September 16, 2006, we used to to say it'd be easy to remember because our area code was "916" and so was our anniversary.  So far it's worked, neither he nor I have forgotten.  I've not really taken notice of it, however.  It's something I think about the day before and then suddenly realize it was yesterday.  It doesn't sit on my head until I get angry with it or sad with it.  Thankfully it keeps to itself.  This year I was up at my boyfriend's house sanding the school's wooden sign that I'd taken as a project.  I got covered in redwood dust, I sweat, I felt proud of what I'd accomplished.  The day prior I was debriefing with my sweetie about being thankful for all of it.  Then I called Ethan and told him too, albeit through some tears.
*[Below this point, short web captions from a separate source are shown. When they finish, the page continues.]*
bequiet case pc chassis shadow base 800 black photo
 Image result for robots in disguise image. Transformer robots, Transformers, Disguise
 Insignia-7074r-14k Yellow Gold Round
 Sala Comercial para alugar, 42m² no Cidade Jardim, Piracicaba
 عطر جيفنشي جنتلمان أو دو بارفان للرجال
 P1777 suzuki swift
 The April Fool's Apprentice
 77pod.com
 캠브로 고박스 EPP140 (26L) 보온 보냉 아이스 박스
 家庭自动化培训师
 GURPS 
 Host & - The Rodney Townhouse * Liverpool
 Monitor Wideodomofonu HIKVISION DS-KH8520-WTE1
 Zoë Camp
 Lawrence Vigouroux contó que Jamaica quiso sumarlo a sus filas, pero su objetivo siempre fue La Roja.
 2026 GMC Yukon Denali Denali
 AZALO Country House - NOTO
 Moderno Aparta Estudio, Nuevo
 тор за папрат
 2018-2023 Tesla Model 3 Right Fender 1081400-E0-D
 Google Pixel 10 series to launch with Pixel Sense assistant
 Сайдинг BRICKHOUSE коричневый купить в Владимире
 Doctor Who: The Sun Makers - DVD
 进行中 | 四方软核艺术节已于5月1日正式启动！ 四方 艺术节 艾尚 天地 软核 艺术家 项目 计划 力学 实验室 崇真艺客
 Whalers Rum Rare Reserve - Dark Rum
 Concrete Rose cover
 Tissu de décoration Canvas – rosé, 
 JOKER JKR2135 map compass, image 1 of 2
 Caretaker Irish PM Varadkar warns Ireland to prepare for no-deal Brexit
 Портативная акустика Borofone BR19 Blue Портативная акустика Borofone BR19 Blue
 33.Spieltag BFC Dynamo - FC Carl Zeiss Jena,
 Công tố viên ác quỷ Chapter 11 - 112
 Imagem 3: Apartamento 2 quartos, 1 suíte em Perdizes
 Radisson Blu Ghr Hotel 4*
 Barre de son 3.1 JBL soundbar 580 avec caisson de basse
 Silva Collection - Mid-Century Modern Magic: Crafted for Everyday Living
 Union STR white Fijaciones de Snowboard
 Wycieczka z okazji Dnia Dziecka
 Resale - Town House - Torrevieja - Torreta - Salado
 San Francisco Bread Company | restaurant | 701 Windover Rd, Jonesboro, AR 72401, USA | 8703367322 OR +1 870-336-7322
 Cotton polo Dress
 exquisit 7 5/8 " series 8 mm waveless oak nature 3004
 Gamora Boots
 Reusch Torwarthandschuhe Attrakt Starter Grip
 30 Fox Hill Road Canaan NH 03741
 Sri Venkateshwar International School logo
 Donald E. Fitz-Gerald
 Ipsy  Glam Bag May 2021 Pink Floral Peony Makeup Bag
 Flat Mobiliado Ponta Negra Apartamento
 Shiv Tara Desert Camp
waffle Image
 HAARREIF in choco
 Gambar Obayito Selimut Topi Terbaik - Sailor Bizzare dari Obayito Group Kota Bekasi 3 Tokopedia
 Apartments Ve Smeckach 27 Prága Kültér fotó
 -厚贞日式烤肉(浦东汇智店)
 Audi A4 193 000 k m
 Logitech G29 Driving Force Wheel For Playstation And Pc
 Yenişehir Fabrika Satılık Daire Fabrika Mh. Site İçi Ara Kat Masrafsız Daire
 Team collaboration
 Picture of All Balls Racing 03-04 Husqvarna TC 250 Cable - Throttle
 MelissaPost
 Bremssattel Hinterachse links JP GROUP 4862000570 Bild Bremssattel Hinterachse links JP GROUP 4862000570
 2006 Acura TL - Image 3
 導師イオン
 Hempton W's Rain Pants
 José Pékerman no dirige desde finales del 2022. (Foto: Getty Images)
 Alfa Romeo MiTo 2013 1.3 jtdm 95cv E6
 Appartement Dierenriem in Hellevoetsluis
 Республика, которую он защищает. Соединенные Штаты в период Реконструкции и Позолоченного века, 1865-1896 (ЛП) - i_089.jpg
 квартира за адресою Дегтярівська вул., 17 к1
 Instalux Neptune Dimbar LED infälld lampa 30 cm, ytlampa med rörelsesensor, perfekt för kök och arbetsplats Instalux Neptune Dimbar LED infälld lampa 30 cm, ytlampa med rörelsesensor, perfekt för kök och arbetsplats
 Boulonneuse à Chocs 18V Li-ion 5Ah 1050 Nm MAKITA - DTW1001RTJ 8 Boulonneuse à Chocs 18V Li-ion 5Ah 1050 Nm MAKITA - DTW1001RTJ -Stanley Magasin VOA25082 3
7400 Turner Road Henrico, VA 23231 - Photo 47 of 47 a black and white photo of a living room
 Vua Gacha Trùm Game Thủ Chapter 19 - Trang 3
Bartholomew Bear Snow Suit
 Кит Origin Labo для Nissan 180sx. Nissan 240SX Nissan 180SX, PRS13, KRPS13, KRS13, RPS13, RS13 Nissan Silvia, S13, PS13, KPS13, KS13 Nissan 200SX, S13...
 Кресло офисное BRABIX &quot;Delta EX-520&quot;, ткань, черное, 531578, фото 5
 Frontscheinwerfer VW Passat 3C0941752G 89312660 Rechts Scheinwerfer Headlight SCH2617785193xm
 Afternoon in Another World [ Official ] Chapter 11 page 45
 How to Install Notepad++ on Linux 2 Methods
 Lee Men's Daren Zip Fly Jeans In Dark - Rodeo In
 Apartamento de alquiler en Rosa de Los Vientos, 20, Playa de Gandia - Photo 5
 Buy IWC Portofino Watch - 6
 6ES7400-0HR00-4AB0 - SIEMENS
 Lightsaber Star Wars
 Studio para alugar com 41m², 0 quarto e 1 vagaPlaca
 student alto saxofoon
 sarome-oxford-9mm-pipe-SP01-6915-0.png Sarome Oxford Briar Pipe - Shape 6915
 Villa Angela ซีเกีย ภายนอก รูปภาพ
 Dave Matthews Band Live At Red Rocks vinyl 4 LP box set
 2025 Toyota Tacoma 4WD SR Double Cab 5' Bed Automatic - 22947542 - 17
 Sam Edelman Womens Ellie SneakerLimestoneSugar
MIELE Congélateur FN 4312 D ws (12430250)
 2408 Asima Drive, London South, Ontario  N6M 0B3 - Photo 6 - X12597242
I'm happy just now.  There are many things I would change, these are mostly trappings and so not really important.  I'd not go back and change anything though.  I'd marry him, I'd make babies with him, I'd go bankrupt with him, I'd live in tiny weird houses and clean up dog diarrhea from the carpet with him.  And while I'd never ever want to go through it again, I'd even have him leave me.  I love the changes that I see in myself since this all began.  I clearly remember who I was when we were married, who I was when I held baby Rosanna in my arms who I was when I called him to find out where he was and learned that he was sitting next to her and they hadn't kissed yet.  And then, having had a major life-spolsion, going on so very many dates- a necessary experience that shifted my world view dramatically and permanently. 

I am so different than I used to be!  I love it.  I would absolutely change my children's confusion and hurt.  To take that away I'd do almost anything.  And yet I also am reminded often to trust.  So I do (it's more rewarding and less stressful than the alternative) and I imagine a way in which this betrayal will serve them in their lives, I imagine how it's all perfect.  This struggle was sent to me to give me an opportunity to "level up", to remember that I am a powerful woman who makes things happen and to practice being love even when it seems impossible.   I'm working, working, working on these things daily.  I'm communicating even when it feels dangerous and reaping the rewards, I'm loving through the seemingly unlovable moments and I'm noticing how much that changes things.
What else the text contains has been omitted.